If you write your name on another person’s paper, it will be plagiarism alright. Also, merging extra ideas with your ones is this case too. But any definition of plagiarism won’t describe the richness of its variability. 

Here are all types of plagiarism that a student can “add” to their essay: 

Complete p.

This is the most alarming and the most obvious type of intellectual theft. In this situation, a student will take someone else’s paper and claim the authorship. Of course, the author might not publish the work. They might even let a student say that an essay was their whole idea. That doesn’t change the situation, though. 

Source-based p.

This type of content copying entails additional negative consequences.

It’s when a student uses sources that are not accurate or don’t exist at all. Or it might have existed but got deleted for some reason. No matter the situation, students here cozen other people by stating something that has nothing to do with objective reality. 

As a result, the conclusion of an essay doesn’t give a required answer to the main question. It gets even worse when a student has to write something more serious than a mere essay. For instance, when you have to submit a paper the results of which will affect future scientific research. 

Direct p. (Sometimes Called Verbatim)

It’s almost the same as the direct one but here we mean copying separate sections. Of course, students have the right to paste or write down whole quotes. That requires proper citations. But if you take a paragraph from another’s paper and sneak it into your original text, it’s plagiarism. 

Self-p. (or Auto-p.)

This is one of the most debatable ones. Like, plagiarism is intellectual theft, right? Then how can students steal from themselves? 

This term describes situations when a student submits their old paper and says it’s a new one. Of course, a student can alter their old essay a bit. Nonetheless, it has no novelty, so no original vision. Yet, this issue is more common among scientists and researchers who have already published at least one article. 

Yet, no one bans citing oneself if the research requires mentioning old results. So, the most significant thing here is the positioning of content. If it’s not principally new, it demands citations, period. 


A student still uses others’ ideas but alters the wording. That’s it. The anti-plagiarism program won’t notice the stolen content, but it’s still there in the essay. 

Misleading Attribution 

This happens when there is a mistake in acknowledgment. For instance, two authors work on an essay but only one gets mentioned as a creator. Or only one person works but the other “author” gets credit too. It’s not that common in essay writing because essay assignments are usually individual. But it can happen when a group has to create and present an academic project together. Of course, the contribution can’t be equal. So, it’s important to clarify who did what. For example, one person writes the text, the other person edits it. 

Patchwork (Another Term: Mosaic)

This is when a student inserts small phrases into their original text. It’s hard to detect but interposing is still a severe form of intentional content stealing. 

#3: Plagiarism Isn’t Copyright Infringement (Piracy)

Even if you fail to present something novel and creative, you won’t have any problems with the law. Sure, local academic rules might require some forms of punishment. It can even lead to expulsion. But it’s a moral conflict, not a civil or criminal breach. 

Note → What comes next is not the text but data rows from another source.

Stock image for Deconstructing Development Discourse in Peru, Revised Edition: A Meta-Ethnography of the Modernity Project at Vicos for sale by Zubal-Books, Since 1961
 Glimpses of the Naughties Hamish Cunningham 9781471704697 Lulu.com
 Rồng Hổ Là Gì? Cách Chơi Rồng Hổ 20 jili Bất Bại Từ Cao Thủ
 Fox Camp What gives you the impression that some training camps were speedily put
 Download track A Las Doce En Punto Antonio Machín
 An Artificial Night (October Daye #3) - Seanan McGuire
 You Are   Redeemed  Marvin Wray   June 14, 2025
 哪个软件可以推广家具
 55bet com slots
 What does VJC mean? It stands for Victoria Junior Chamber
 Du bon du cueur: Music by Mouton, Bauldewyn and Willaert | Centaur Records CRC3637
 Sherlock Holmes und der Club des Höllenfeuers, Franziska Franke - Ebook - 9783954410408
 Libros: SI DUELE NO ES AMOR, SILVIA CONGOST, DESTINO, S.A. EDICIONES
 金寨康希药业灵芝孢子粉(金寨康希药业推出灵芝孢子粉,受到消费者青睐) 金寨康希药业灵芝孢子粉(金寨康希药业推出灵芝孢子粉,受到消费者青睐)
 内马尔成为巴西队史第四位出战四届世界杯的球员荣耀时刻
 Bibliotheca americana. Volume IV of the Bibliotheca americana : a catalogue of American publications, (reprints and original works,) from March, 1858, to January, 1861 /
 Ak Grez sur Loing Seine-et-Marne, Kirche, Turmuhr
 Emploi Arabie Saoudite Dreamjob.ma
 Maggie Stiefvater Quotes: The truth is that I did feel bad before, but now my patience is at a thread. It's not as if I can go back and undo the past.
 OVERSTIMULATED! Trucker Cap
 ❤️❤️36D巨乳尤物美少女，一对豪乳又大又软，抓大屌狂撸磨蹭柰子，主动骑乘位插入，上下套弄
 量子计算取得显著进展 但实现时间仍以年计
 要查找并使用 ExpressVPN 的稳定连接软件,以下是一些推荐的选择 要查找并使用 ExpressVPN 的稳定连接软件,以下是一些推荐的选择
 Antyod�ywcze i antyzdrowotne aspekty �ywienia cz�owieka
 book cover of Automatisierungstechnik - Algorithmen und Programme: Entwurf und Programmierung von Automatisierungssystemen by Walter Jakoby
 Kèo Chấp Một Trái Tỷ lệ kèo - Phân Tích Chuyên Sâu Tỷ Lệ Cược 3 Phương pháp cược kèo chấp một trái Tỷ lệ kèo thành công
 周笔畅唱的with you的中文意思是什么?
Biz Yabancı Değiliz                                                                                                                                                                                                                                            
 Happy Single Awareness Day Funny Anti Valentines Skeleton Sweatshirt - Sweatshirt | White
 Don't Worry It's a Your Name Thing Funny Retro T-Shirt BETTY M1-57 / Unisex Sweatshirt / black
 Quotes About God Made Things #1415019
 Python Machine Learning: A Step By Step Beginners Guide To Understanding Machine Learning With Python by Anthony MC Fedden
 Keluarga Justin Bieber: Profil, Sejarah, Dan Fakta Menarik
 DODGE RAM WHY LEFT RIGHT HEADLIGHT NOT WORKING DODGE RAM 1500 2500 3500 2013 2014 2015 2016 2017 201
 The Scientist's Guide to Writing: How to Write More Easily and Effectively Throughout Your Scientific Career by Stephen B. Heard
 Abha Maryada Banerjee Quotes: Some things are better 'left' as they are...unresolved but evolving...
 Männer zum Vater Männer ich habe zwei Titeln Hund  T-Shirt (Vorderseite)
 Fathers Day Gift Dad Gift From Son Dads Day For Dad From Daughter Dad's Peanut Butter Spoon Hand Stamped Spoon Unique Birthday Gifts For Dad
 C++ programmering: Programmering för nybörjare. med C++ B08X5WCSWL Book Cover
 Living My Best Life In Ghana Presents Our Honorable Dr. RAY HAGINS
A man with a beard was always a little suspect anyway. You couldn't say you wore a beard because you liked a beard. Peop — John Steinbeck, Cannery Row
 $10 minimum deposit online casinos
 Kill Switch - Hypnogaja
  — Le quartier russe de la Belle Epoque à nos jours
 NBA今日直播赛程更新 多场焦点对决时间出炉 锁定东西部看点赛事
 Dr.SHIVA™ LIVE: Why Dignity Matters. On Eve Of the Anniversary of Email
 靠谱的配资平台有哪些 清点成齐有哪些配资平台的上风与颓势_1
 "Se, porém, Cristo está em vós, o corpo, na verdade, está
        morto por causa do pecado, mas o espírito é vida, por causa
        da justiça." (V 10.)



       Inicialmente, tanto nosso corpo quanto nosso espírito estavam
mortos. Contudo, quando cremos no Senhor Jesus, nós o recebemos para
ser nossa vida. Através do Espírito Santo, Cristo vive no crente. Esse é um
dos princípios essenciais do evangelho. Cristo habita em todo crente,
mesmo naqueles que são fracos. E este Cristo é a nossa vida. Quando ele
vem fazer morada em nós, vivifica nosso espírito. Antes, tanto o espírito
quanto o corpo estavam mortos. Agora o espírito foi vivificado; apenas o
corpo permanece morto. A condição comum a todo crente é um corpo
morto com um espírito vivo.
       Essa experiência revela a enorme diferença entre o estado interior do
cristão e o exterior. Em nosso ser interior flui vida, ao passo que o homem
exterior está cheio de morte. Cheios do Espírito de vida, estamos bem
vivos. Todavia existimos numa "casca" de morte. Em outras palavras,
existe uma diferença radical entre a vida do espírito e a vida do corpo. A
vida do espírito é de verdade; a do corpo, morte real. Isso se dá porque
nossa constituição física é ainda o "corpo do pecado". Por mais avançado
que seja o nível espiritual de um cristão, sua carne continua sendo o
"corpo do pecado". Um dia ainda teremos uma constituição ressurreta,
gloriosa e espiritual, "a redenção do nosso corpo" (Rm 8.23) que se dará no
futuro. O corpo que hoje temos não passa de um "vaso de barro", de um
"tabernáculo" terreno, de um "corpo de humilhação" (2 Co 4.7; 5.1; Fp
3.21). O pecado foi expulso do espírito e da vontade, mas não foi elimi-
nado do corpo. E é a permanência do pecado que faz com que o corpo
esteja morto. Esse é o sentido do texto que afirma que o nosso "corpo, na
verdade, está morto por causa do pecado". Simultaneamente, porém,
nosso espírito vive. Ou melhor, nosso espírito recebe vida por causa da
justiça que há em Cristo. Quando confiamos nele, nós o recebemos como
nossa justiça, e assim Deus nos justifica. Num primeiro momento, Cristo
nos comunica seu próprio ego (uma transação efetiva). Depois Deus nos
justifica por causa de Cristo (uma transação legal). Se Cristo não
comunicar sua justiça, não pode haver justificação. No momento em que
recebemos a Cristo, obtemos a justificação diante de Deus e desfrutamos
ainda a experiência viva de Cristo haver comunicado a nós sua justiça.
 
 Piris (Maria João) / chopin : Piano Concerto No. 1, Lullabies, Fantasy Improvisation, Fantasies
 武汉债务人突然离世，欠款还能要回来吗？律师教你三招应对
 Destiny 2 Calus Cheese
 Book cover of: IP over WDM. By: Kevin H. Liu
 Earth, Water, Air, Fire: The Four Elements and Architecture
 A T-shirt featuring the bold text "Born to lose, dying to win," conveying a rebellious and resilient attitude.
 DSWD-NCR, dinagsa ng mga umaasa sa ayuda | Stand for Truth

In Conclusion: how to avoid plagiarism in essay writing 

You have to be extra careful not to plagiarize extra content in your essay. Even when an anti-plagiarism program says your text is “clean” it doesn’t mean it’s like that objectively. If you even use additional ideas, don’t be lazy to cite them. Yet, plagiarism has nothing to do with law violations. So, the worst thing that can happen when you steal an idea for academic writing is expulsion but nothing more.